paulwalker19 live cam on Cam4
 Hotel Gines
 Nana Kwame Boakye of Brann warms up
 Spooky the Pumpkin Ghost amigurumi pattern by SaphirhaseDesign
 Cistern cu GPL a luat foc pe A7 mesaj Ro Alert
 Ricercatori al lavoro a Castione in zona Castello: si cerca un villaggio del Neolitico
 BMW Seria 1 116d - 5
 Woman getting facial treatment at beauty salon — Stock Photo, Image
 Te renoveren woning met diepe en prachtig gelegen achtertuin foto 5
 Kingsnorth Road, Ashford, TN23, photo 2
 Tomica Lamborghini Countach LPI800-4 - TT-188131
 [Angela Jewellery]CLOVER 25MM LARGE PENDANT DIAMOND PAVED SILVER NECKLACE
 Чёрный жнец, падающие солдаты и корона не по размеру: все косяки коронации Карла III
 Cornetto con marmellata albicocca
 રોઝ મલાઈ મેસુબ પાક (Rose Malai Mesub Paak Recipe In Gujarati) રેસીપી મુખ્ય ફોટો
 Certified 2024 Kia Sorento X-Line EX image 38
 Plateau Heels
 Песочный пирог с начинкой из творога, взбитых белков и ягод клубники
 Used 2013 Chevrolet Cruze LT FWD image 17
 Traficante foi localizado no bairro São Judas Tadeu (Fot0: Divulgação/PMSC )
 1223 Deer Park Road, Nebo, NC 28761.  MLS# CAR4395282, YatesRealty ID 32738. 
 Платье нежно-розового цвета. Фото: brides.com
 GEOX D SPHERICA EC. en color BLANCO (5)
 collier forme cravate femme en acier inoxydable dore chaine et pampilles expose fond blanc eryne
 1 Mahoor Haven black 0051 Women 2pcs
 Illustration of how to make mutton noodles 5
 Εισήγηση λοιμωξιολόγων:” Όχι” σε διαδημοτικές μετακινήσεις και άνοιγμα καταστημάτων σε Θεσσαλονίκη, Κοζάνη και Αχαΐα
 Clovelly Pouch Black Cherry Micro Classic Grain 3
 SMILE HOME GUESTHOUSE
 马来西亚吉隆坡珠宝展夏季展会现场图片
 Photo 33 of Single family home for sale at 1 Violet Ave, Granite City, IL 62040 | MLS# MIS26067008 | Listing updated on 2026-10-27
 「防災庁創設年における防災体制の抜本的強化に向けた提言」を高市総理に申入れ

━━━━

● DIRECTIONS: Copy each line of the records containing the string "Road".

● YOUR RESPONSE:
 Kingsnorth Road, Ashford, TN23, photo 2
 1223 Deer Park Road, Nebo, NC 28761.  MLS# CAR4395282, YatesRealty ID 32738. 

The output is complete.